Nigerian conglomerate Dangote on Monday officially upped its stake in South Africa’s Sephaku Cement to 64%.
Sephaku plans to bring an additional 2.2Mta of cement to the South African market by 2012/13, through the commissioning of two plants, one at Aganang in North West province and the other in Delmas in Mpumalanga province.
Footing the bigger part of the ZAR3.3bn bill and debt guarantees for these new plants will be Dangote, the largest cement company in Nigeria and now the majority stakeholder of Sephaku Cement.
To date, Dangote has supplied Sephaku with around R1,13-billion in equity, the largest-ever foreign direct investment from an African country into South Africa . This will provide the local cement company with a strong basis to raise the balance of the funding required through debt.

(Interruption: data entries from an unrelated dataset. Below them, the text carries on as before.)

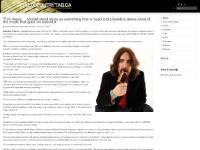  Artists, Interviews, Reviews, Joomla!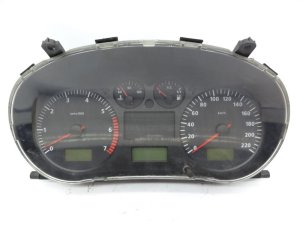 Contatore Seat Ibiza W06K0920821C 110008923017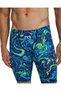 Thresher Men's Jammer Swimsuit - Hyperblitz - 3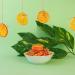 Musko Natural Dried Orange Slices 70gr (18-22 Slices) No Added Sugar Vegan Gluten Free 100% Natural (1) - Buy Online on GoSupps.com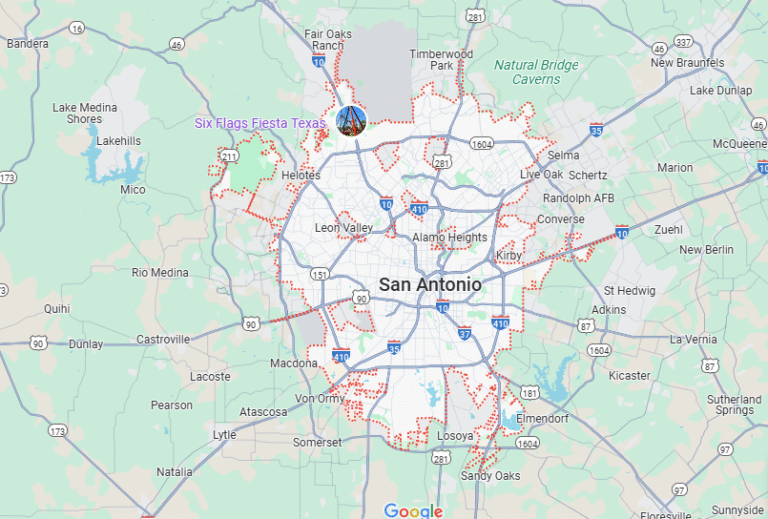 San Antonio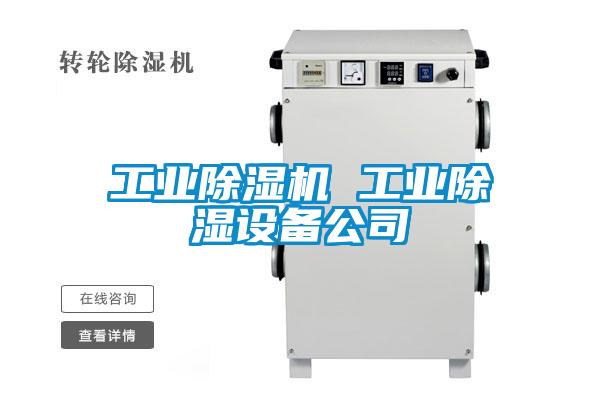 工业草莓视频APP在线观看 工业除湿设备公司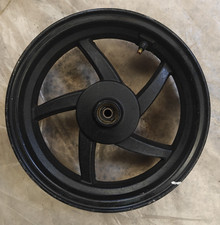 JANTE AVANT - SYM ORBIT 2 2T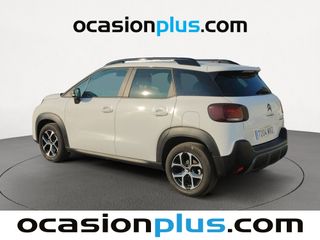 Citroen C3 Aircross PureTech 110 S&S C-Series 81 kW (110 CV)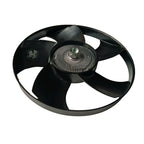 Radiator Fan Clutch for Dodge Sprinter 2500 3500 (2007-2009)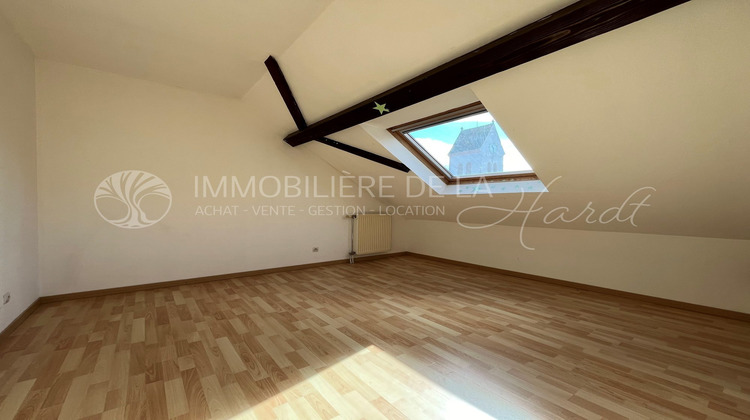 Ma-Cabane - Vente Immeuble Waltenheim, 255 m²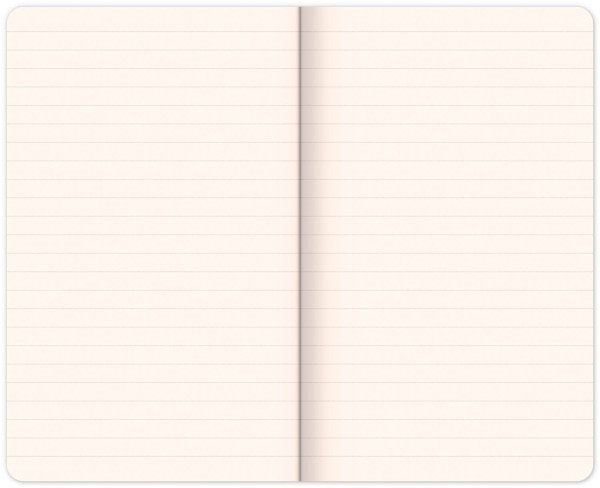 NOTIQUE Notes Batman – Signal, linajkovaný, 13 x 21 cm 1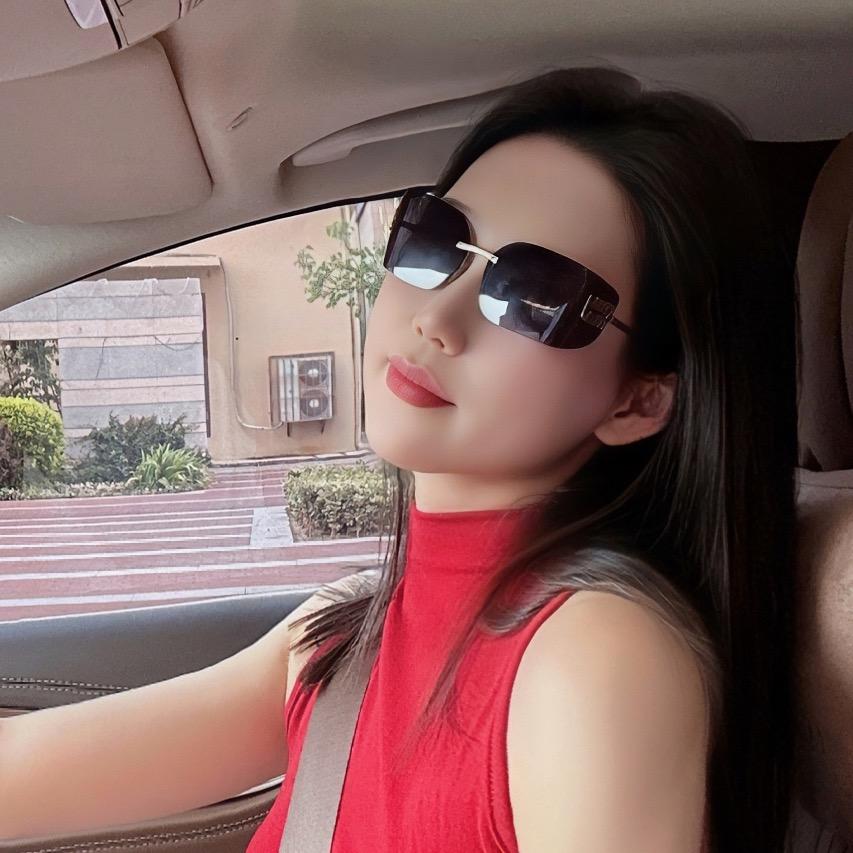 一个婷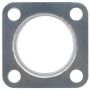 Elring 753.467 Gasket, charger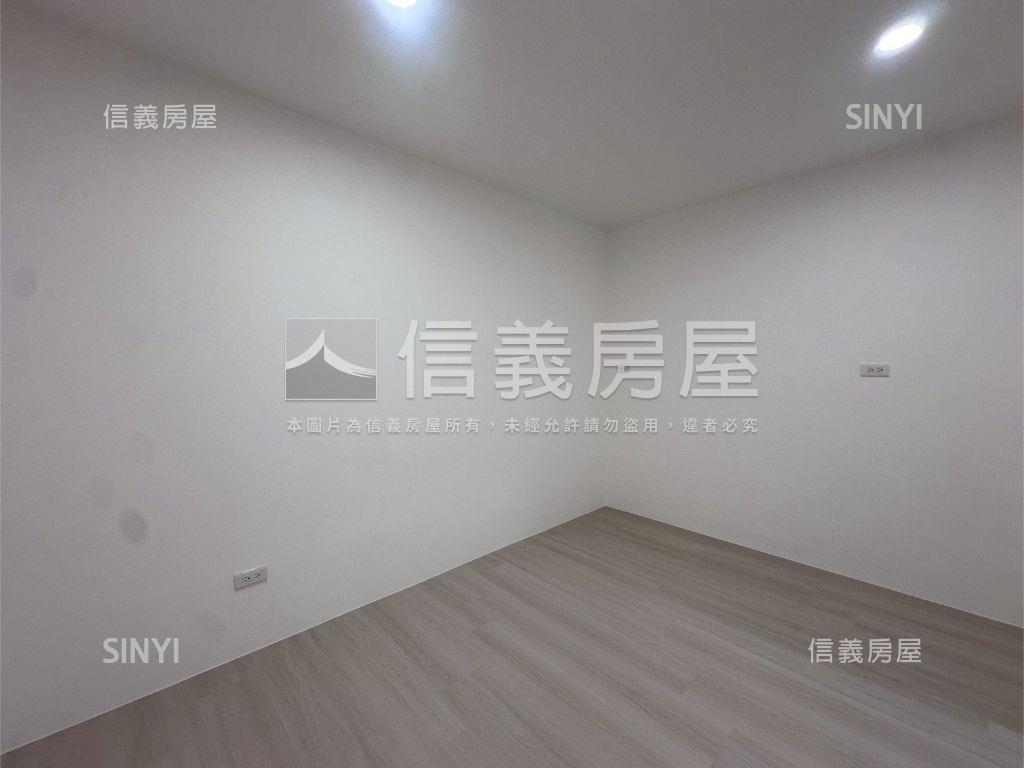 中泰街小資成家美寓房屋室內格局與周邊環境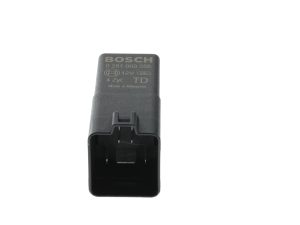 Unitate de control bujii incandescente HONDA CIVIC IX (FK) 1.6 i-DTEC (FK3) diesel 120 cai BOSCH 0 281 003 056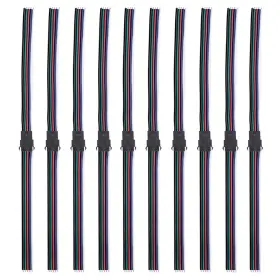 5PIN-JST-SM WESIRI Female Male Connectors Pin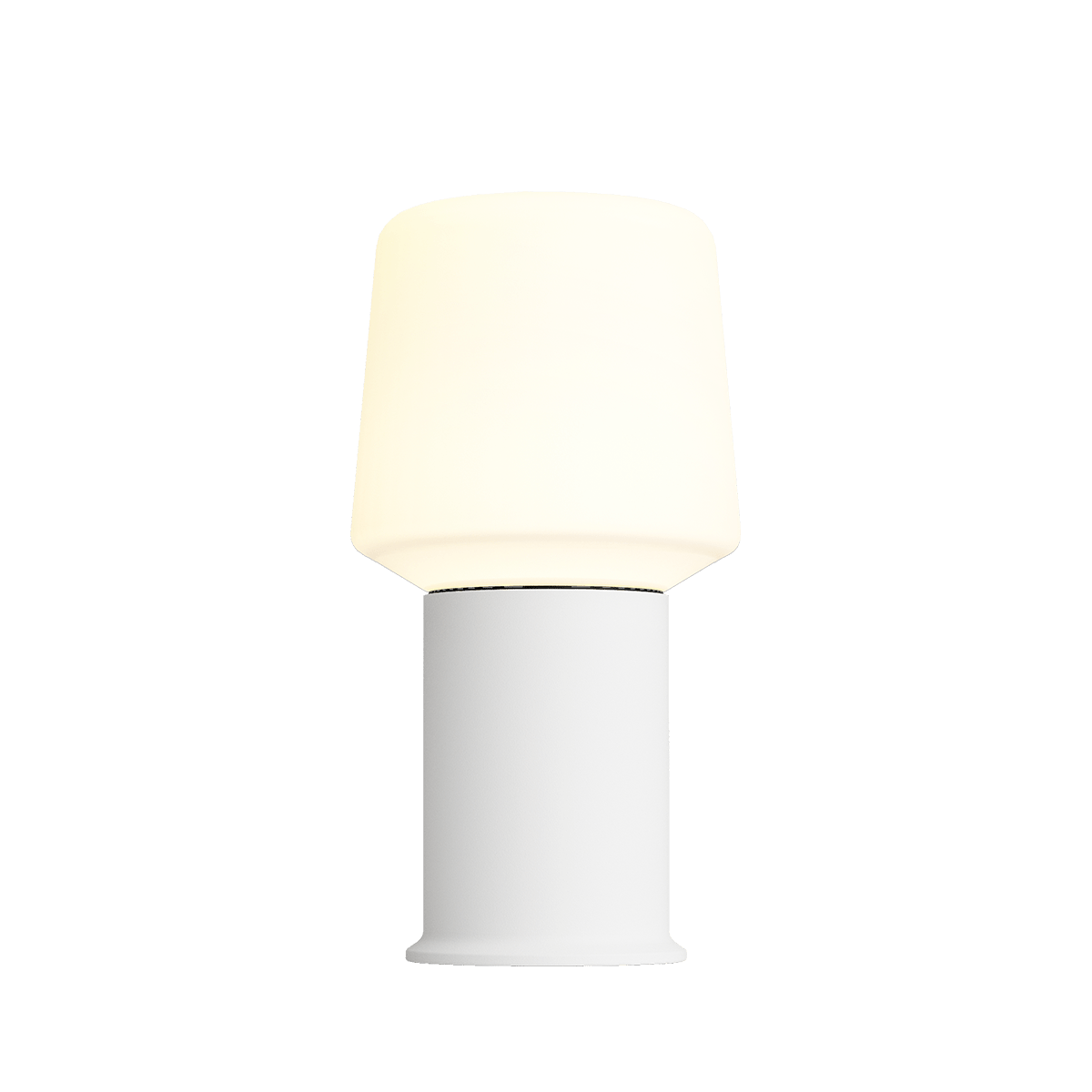 Ambience - Lamp Intelligent & London base | Ambience - Lamp Intelligent & London base - White 8 | SACKit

Speaking at a media briefing in Johannesburg, Sephaku CEO Pieter Fourie said that the company planned to fund the project on a 60:40 debt-to-equity ratio. "We believe that with Dangote also supplying the guarantees for raising the required funds through debt, local bankers will be more than willing to assist us in taking these projects forward."
Fourie commented that there was a definite need for a new player to enter the South African cement market.
"South Africa needs to grow its gross domestic product by at least 5% to 6%, and such growth will need cement and concrete, the two materials that are directly linked to economic development.